Subject to a few exceptions, Ontario law has historically permitted testators the freedom to choose their beneficiaries. However, a decision last year, which is currently under appeal to the Court of Appeal for Ontario, has the potential to significantly encroach upon testamentary freedom.
The Ontario Superior Court of Justice decision in Spence v. BMO Trust Company
, 2015, ONSC, 615 (CANLII) (“Spence”), may cause will drafting solicitors pause to consider whether a testator’s wishes to exclude a beneficiary may be motivated by or grounded in racial discrimination.
In Spence, the Court found a will to be invalid on the basis that the testator was motivated by racism and that this offended public policy, notwithstanding that the will itself contained no statements about race or, for that matter, any statements that would contravene public policy.
The testator was a rector who had two daughters namely, Verolin and Donna. The evidence before the Court suggested that Verolin lived with her father from time to time, was close to him, and provision was previously made for her in her father’s will. However, the relationship between Verolin and the testator ended when Verolin advised the testator that she was pregnant and that the father of the child was Caucasian. The testator and his daughter were black.
According to Verolin’s evidence and that of a neighbour, the testator, due to the race of her son’s father, was motivated to change his will to exclude Verolin and include his other daughter and her two sons, as the father of those sons was black. The will stated that the reason for Verolin’s exclusion was that she had no communication with the testator for several years and had shown no interest in him. On the face of the will, there appeared to be no ambiguity or uncertainty. In setting aside the will, which resulted in an intestacy, the Court looked not at the intention of the testator, as this appears to have been clear in the will, but at the reason (beyond the reason stated in the will) as to why the testator excluded Verolin.
Historically, Courts have recognized a broad discretion on the part of testators to choose beneficiaries, subject only to a few exceptions. In the event of inadequate support for dependents, schemes to benefit from crimes, Perpetuities Act
and creditor protection considerations, Courts have intervened. While there have been rare cases where Courts have intervened on public policy grounds to disallow property dispositions on discriminatory grounds, the decision to invalidate a will based upon discriminatory motives for the testamentary disposition of property seems to have taken the common law into new territory.
What is also of note in the Spence case is that the property rights in question were private in nature. This is interesting as there are other instances where certain allowances are made for sanctioned public discrimination, not on the basis of race, but on the basis of religion. For example, certain cases and legislative provisions seem not to restrict funding or charitable trusts that promote certain religions and even certain discriminatory beliefs with respect to marriage.
While some may say that the decision in Spence would apply only in rare circumstances, the Spence case was preceded by only several months with the New Brunswick Queens Bench case of McCorkill v.

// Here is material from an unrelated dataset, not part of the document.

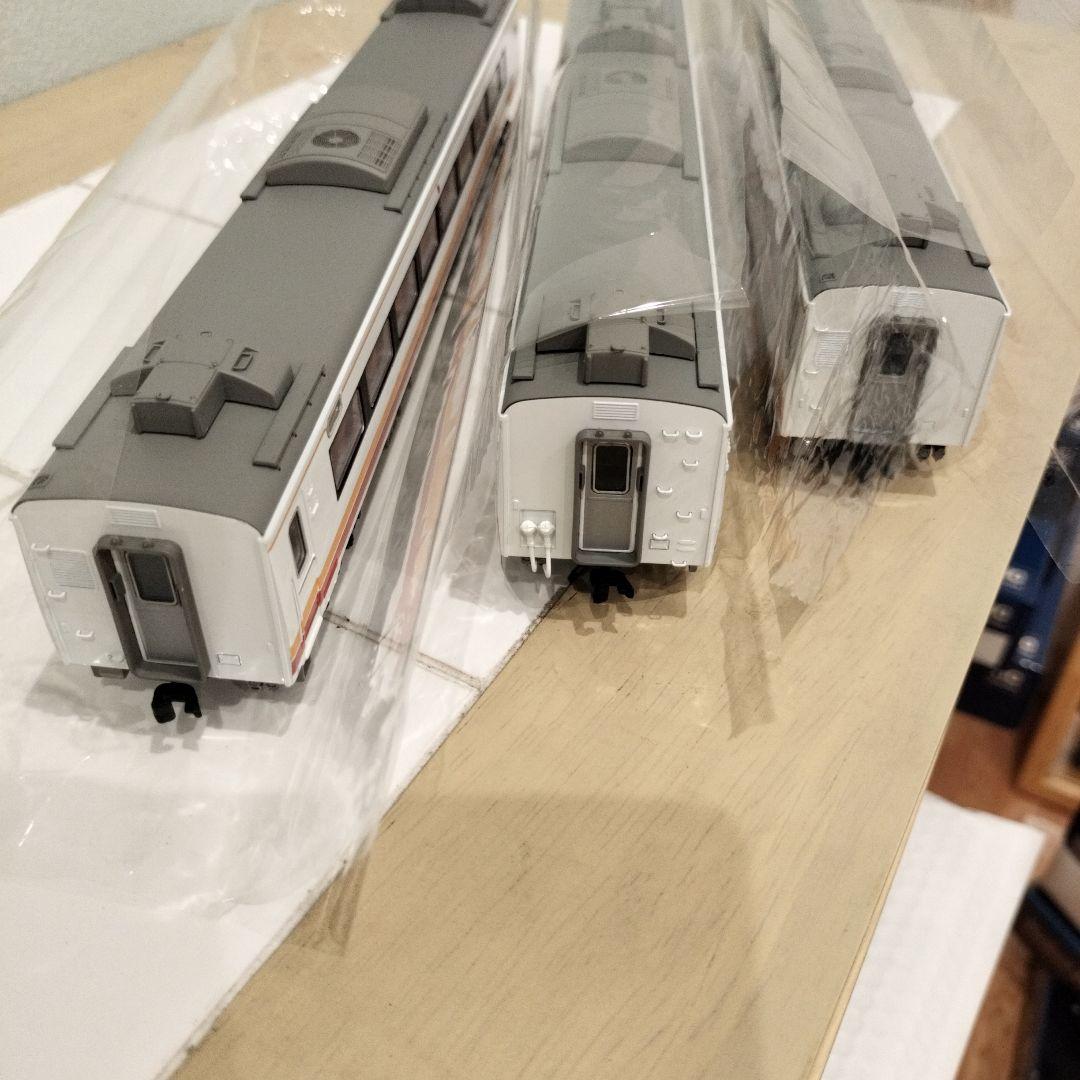 マイクロエース　キハ183系-0番台　ニューカラー　1/80スケール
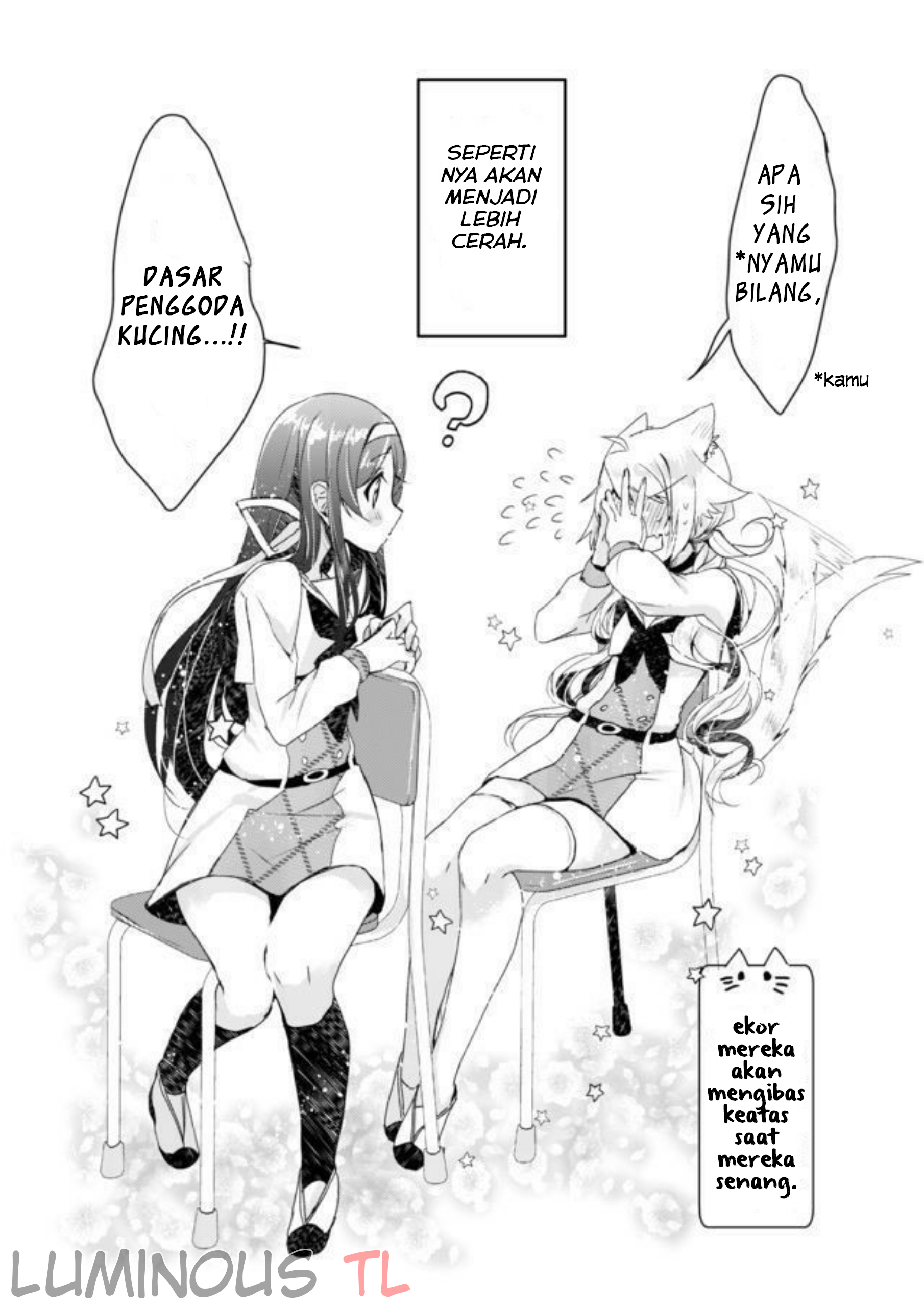 Catulus Syndrome Chapter 1 - halaman 39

McCorkill Estate
, 2014, NVQB 148, affirmed 2015 CANLII 14497 (NBCA) (“McCorkill”) where it had been noted that the case was unusual. In McCorkill, once again there was no ambiguity in that the will provided for a specific legacy to an organization considered to be racist. In other words, the McCorkill decision essentially provided that the testator cannot give to a beneficiary on the basis of racism and the Spence decision provides that a testator cannot exclude a beneficiary on the basis of racism.
The Spence decision has been argued at the Court of Appeal and a decision is pending. It will be interesting to see how far the Court of Appeal is prepared to let Courts go in policing and supervising the motivation of the choices made by testators. Until such time as we see the Court of Appeal decision, it may be wise for drafting solicitors who suspect racial motivations for their clients’ choices to explain the risks before drafting the will.